Usar nuevamente lenguaje bélico para referirse a lo que estamos haciendo frente al virus es también una desmesura. Ese lenguaje de “estar en guerra” se ha empleado mucho durante los últimos años en Chile: guerra contra la delincuencia común, guerra contra el narcotráfico, guerra contra la pobreza, guerra contra la piratería de libros, guerra contra la protesta social, guerra hasta con el comercio ambulante. ¿No serán demasiadas guerras? Para referirse a los ejemplares voluntarios que hoy  están colaborando con autoridades de gobierno se habla de un “ejército” de voluntarios, y estoy seguro que ninguno de ellos se siente muy a gusto con esa comparación. El virus no es un enemigo al que haya que derrotar con las armas, sino un mal que se doblegará con la inteligencia y responsabilidad de todos (bueno, excluidos Trump y Bolsonaro, desde luego).

Otra demasía es hablar ahora de “pandemia económica” y “pandemia social”. La pandemia causada por el coronavirus está produciendo gravísimos efectos sanitarios, económicos y sociales, pero a nadie se le ocurriría hablar por ello de “pandemia sanitaria”. Entonces, ¿por qué hablar de “pandemia” económica y social?
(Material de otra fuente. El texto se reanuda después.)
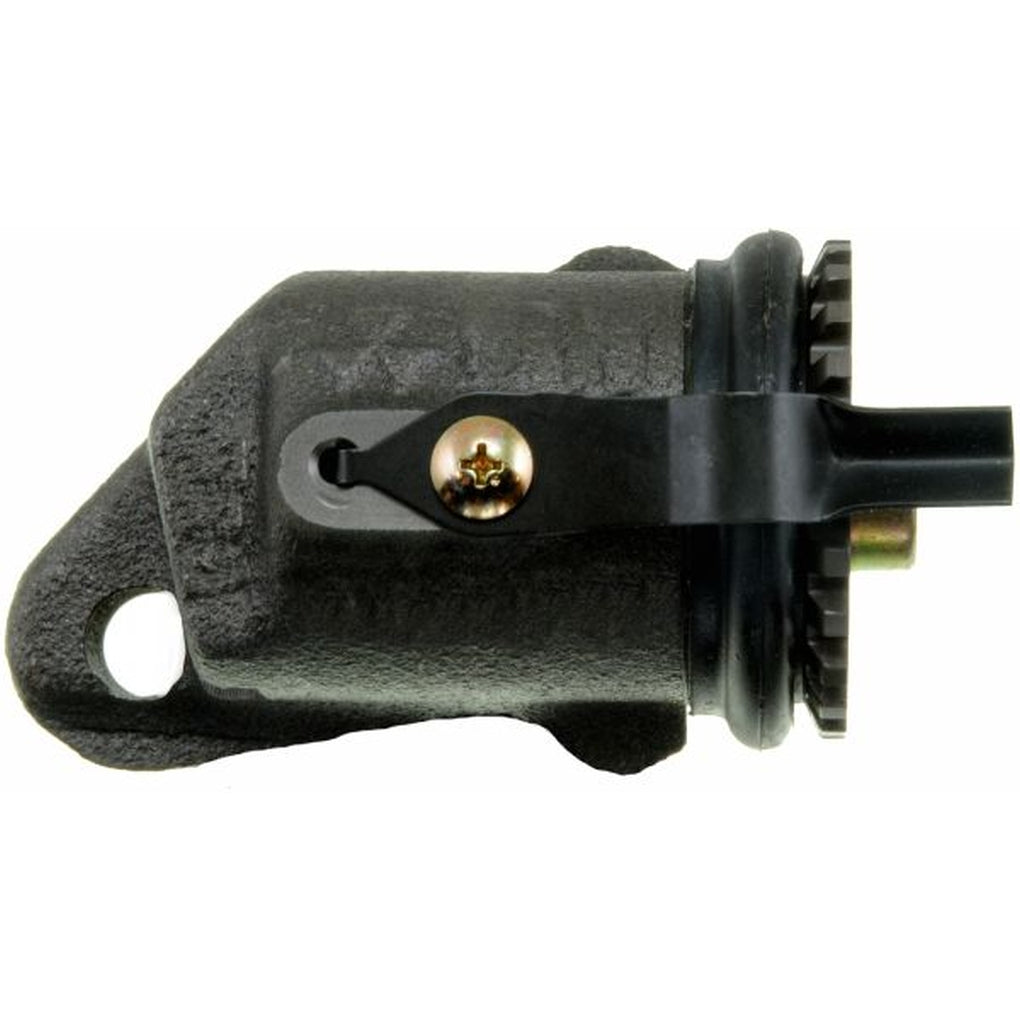 Dorman|W37938|Drum Brake Wheel Cylinder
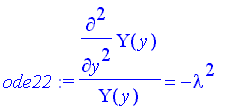 [Maple Math]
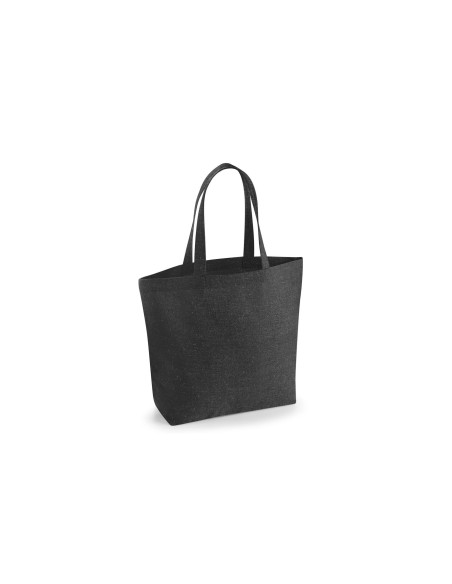 W-W965-Revive Recycled Maxi Bag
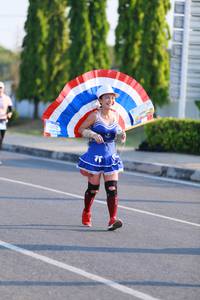 BIB: 
                            <button type="button" onclick="openModal(3236006)" class="btn btn-primary btn-sm float-right btn-popup" data-toggle="modal" data-target=".modal-high-quality">
                        <i class="fas fa-shopping-cart"></i> Add to Cart
                    </button>
                                            <button type="button" onclick="isThisMe(3236006, true)" class="btn btn-success btn-sm float-right btn-popup btn-isme hidden" data-toggle="tooltip" data-placement="bottom" title="นี่คือรูปของคุณใช่ไหม คลิกที่นี่เพื่อเอาเข้าอัลบั้ม">
                        <i class="fas fa-plus"></i> Add to album
                    </button>
                    <button type="button" onclick="isThisMe(3236006, false)" class="btn btn-warning btn-sm float-right btn-popup btn-isnotme hidden">
                        <i class="fas fa-ban"></i> Remove from album
                    </button>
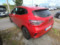 preview Renault Clio #5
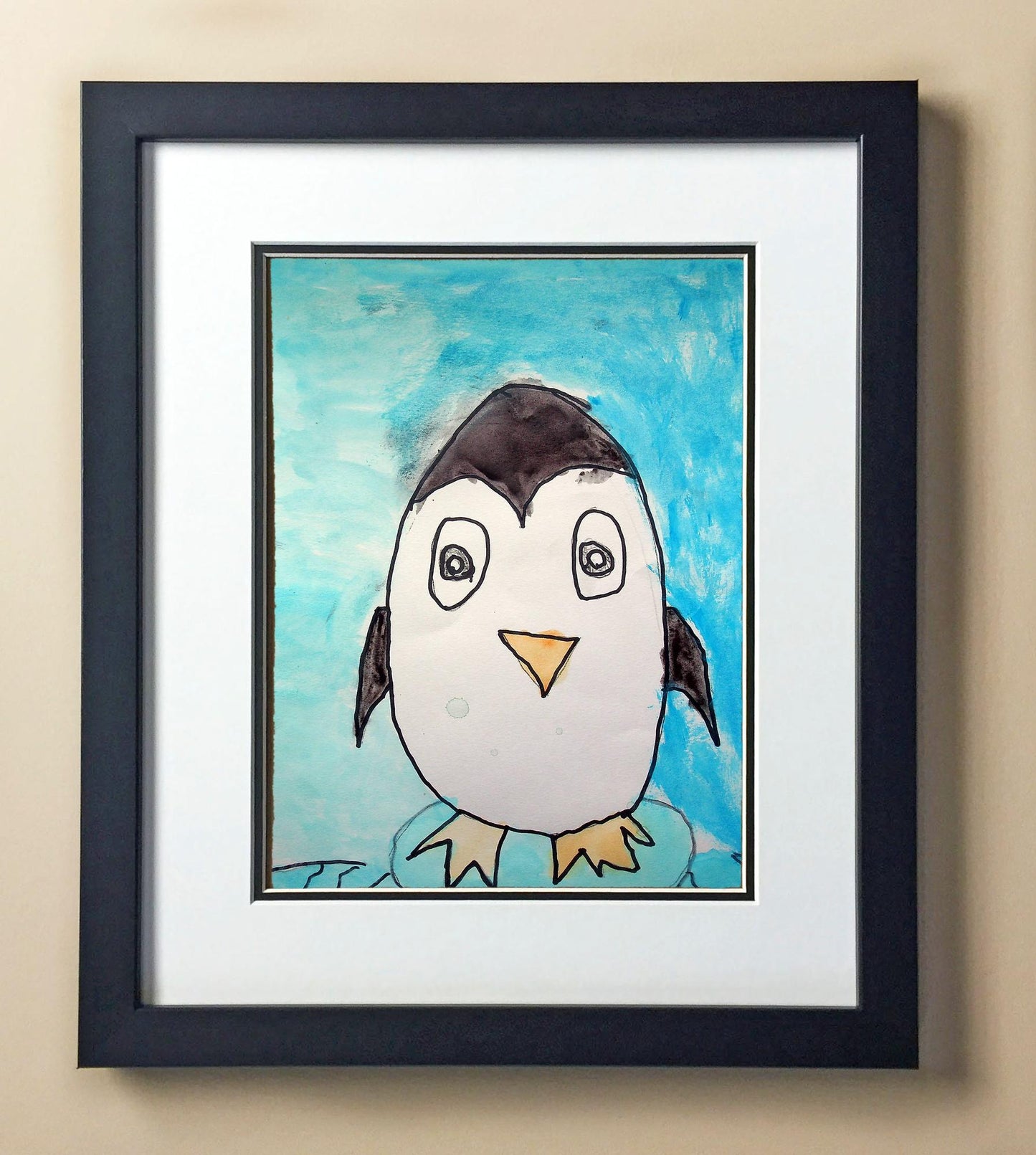 Alexandra Fe. 2nd Grade Daniels 00206.jpg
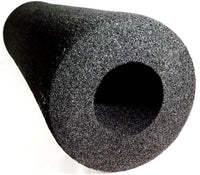 Weider 5-1/4" Foam Pad Replacement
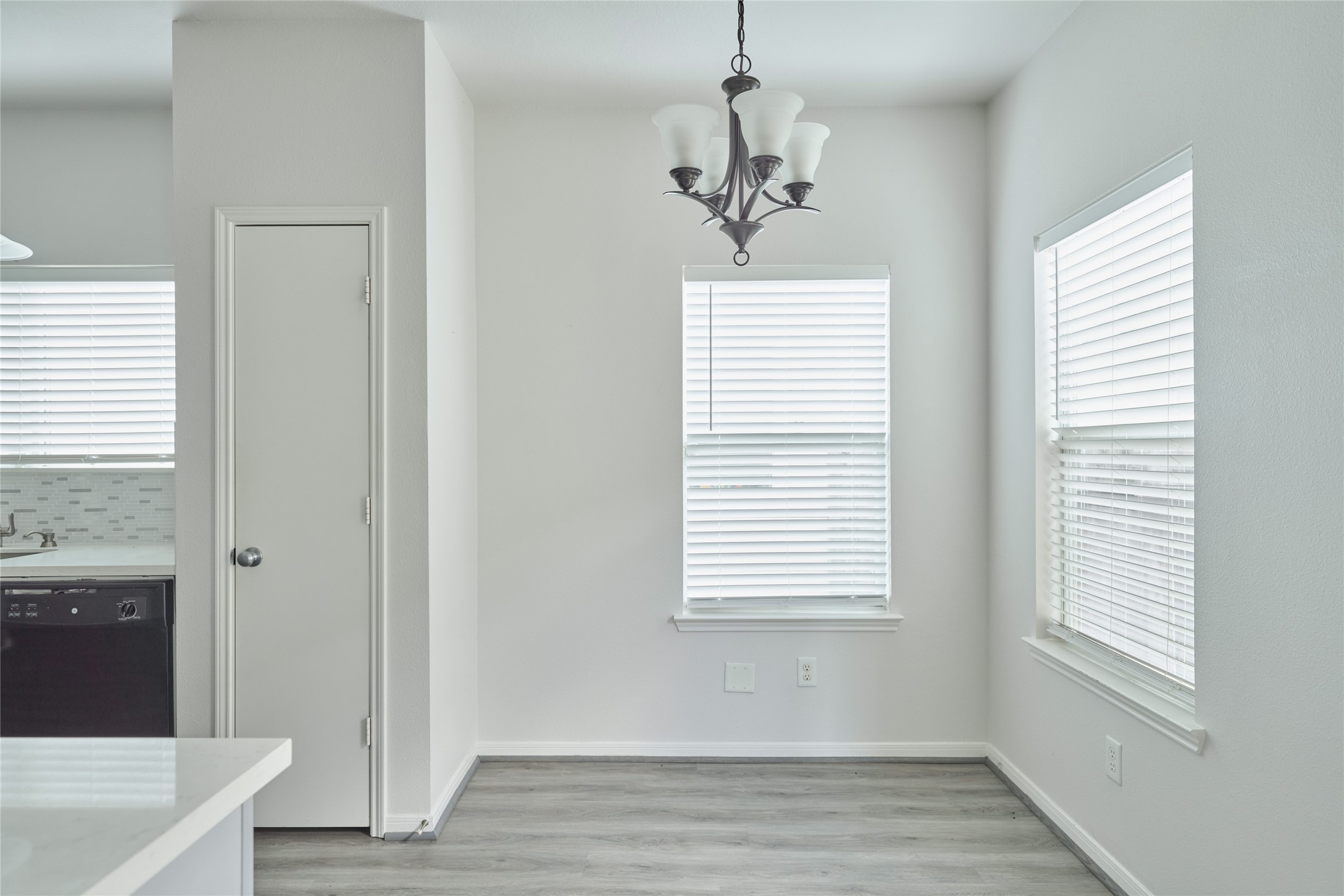 21718 Grassy Hill Lane Property Photo 23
Si nos olvidamos un momento del virus (algo prácticamente imposible, lo sé), el fenómeno de la desmesura no es exclusivamente chileno, y a lo que me refiero ahora es a los evidentes excesos en que desde hace tiempo estamos incurriendo al expresarnos,  al hablar, al escribir, a la hora de juzgar a los demás, pero también al momento de reír, de comer, de beber. La pandemia de la obesidad, que es otra enfermedad mundialmente extendida, nos está ganando la “batalla” hace rato, y nuestra reacción ha sido sumamente tardía. De beber, ni hablar (mea culpa), pero de lo que se trata es de no exagerar, o sea, de no ser desmesurados. “Una copa de vino al día”, me prescriben los distintos médicos que veo, pero yo les digo que eso es más difícil que ninguna. Quienes estamos habituados a beber diariamente algo de vino sabemos que la que no cuesta gran cosa evitar es la primera copa, el primer sorbo, puesto que una vez que hemos pasado por ella resulta enteramente imposible quitarle el cuerpo a la segunda. Esa primera copa, ese primer sorbo incluso, provoca aplausos en nuestro cerebro, y nadie tiene por qué detenerse en lo que está haciendo si con ello gana aplausos, así vengan de uno mismo.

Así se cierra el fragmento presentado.